Meirelles segue apostando num cenário de saída da recessão mundial em V. A possibilidade de uma saída em W, mencionada por analistas internacionais, existe, mas, segundo ele, não faz parte do cenário base dos principais bancos centrais do planeta. Uma nova recessão pode acontecer se os países, principalmente os Estados Unidos, suprimirem os estímulos fiscais antes da retomada do consumo privado, dos investimentos e das exportações. "Caso isso ocorra, podemos ter uma recaída e, em consequência, problemas no setor financeiro", disse Meirelles.

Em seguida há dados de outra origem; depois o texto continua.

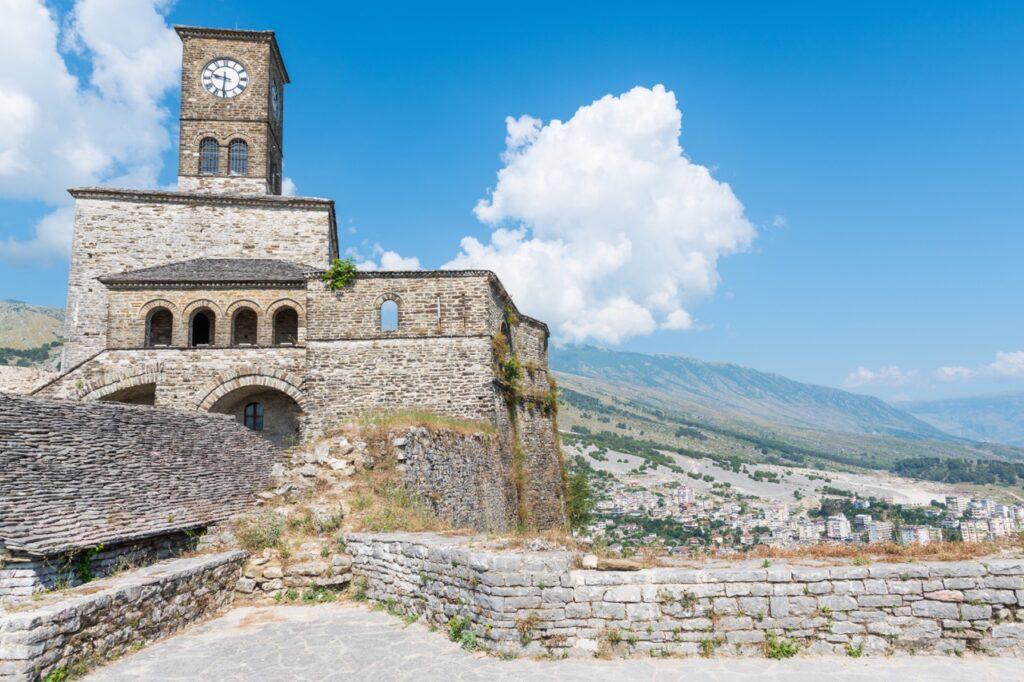 Bilde av Gjirokastër i Albania som også er på UNESCOs verdensarvliste. National Geographic kaller Albania for en av årets reisetrender i 2024, og vi forteller deg fem ting du kan forvente i dette vakre landet.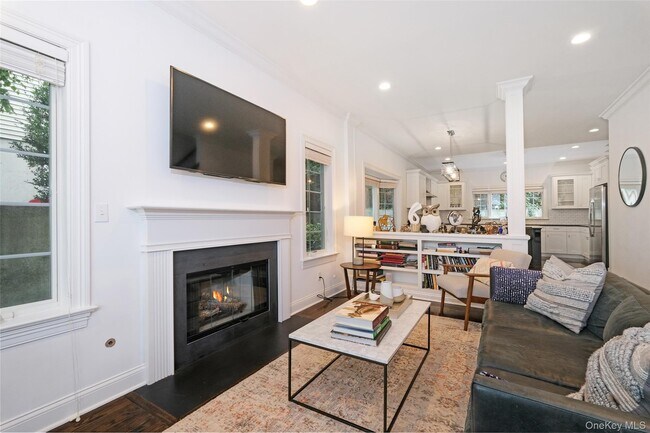 Foto del edificio - 23 Cedar Pl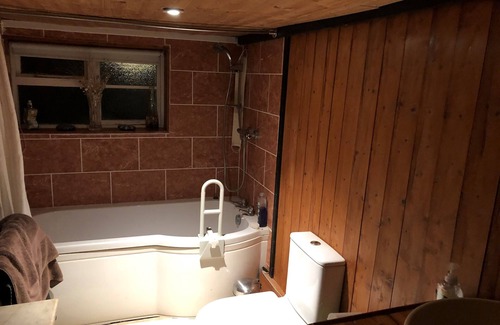 New Forest District Bed & Breakfast | Double Room in Character Cottage - With Parking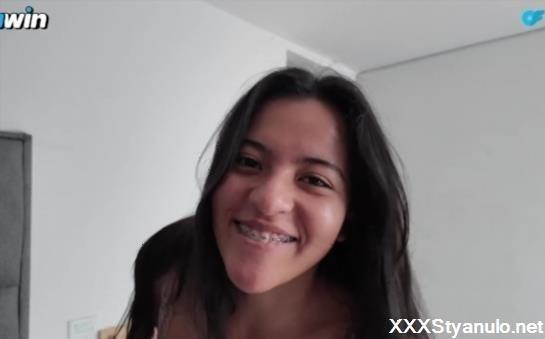 Soloincognita - Parte 2- Latina Inexperta Pruebra Polla Por Primera Vez [FullHD]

O presidente do Banco Central acha, no entanto, que uma nova recessão mundial não teria, sobre o Brasil, os mesmos efeitos da crise de 2008. O país teria um novo impacto negativo nas exportações e, mais uma vez, restrições nas linhas de crédito internacional, mas estaria mais preparado para enfrentar um possível aperto.

"O efeito disso no Brasil seria muito menor. Primeiro, porque o impacto do sistema financeiro americano, mesmo que existente, seria menor do que o que aconteceu na crise de 2007 e 2008, e certamente nada equivalente ao pós Lehman Brothers. Já existe o compromisso dos governos em preservar as instituições importantes do ponto de vista sistêmico. Nos EUA, isso está explícito por meio dos testes de estresse feitos pelo Federal Reserve (o BC americano) e pelos compromissos de capitalização aprovados pelo Congresso americano", explicou. "O Brasil tem hoje estruturas de reação montadas - as linhas de empréstimo de reservas, mais reservas, depósito compulsório e o sistema financeiro melhor preparado para reagir. O mercado já sabe a capacidade de reação do governo, então, o fenômeno expectativa que aconteceu na primeira crise, dessa vez, seria muito minorado."

Na crise de 2008, o pior momento vivido pelo Brasil foi a descoberta de que grandes empresas exportadoras haviam montado, antes da turbulência, operações com derivativos cambiais. "O grande volume de câmbio futuro vendido por exportadores, em 2007 e 2008, foi um dos fatores que contribuíram para aquela apreciação do real da qual os exportadores tanto reclamaram", revelou Meirelles, referindo-se ao fato de que dois meses antes da crise o dólar chegou a cair para R$ 1,50.

Com o estouro da crise, a aposta se mostrou fortemente especulativa. O real se desvalorizou e algumas empresas perderam bilhões de reais.

Meirelles acredita que os operadores de "carry trade" - movimento que consiste na tomada de empréstimo num país de juros mais baixos para aplicação num de juros altos - aprenderam com a crise. "O carry trade hoje é muito mais restrito. Aquela festa dos operadores que acreditaram que tomar dinheiro no Japão a taxas muito baixas e aplicaram no mundo todo, acreditando que o iene continuaria sempre acima de 120 por dólar, e na crise ele caiu abaixo de 100, acabou. Eles perderam muito", assinalou.